- **TASK INSTRUCTIONS**: Omitting every picture, copy the lines from the one that contains "紫陽花の花畑 紫陽花の花畑 141520769" through the last line of the records below, exactly and with nothing added.

─── DATA SHOWN ───

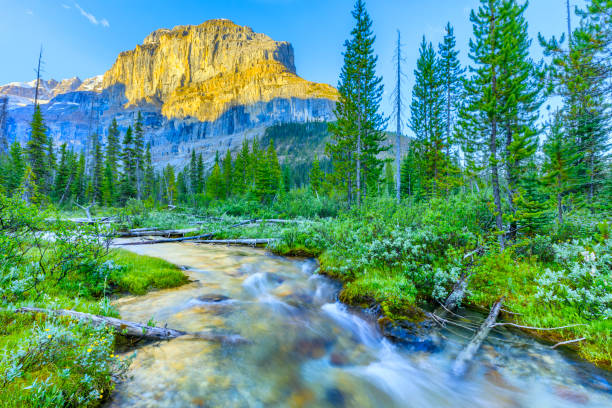 istock Kootenay National Park in Alberta Canada 1134181336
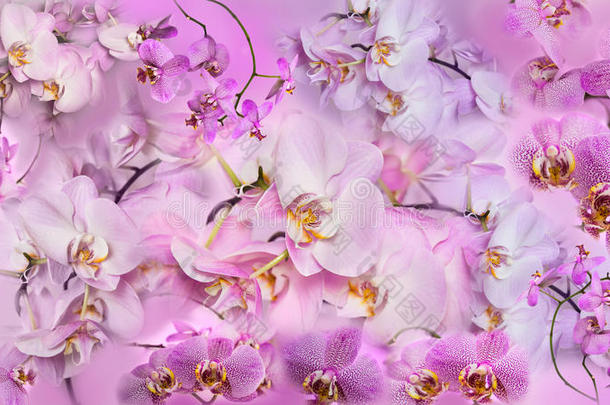 蝴蝶兰花美丽的拼贴背景。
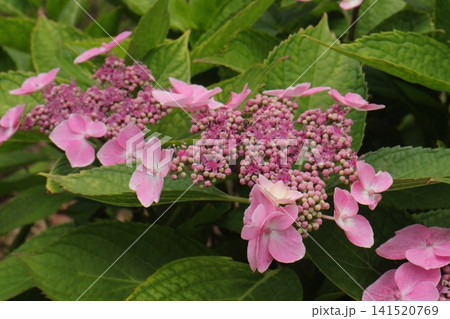 紫陽花の花畑 紫陽花の花畑 141520769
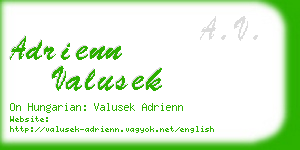 adrienn valusek business card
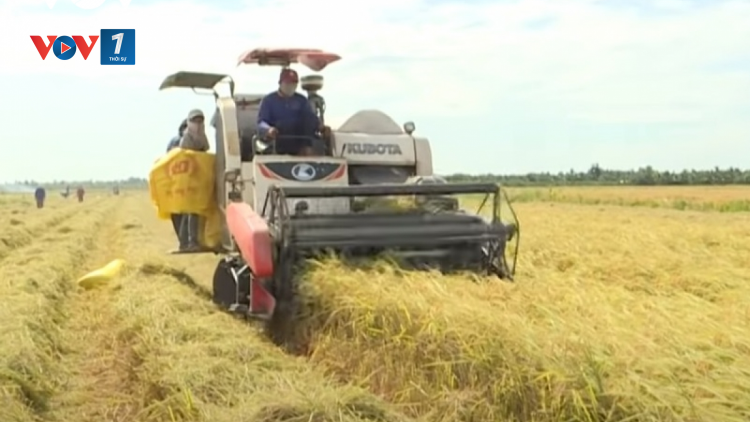 Gánh nặng đè lên vai người dân ĐBSCL khi giá phân bón tăng, giá lúa giảm (17/08/2021)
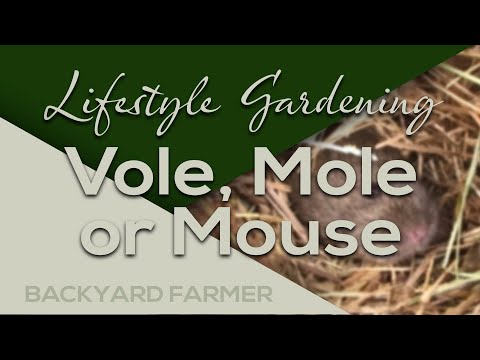 image-Do I have mice or voles?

───

- **ANSWER TO THE EXERCISE**:
 紫陽花の花畑 紫陽花の花畑 141520769
 adrienn valusek business card
 Gánh nặng đè lên vai người dân ĐBSCL khi giá phân bón tăng, giá lúa giảm (17/08/2021)
 image-Do I have mice or voles?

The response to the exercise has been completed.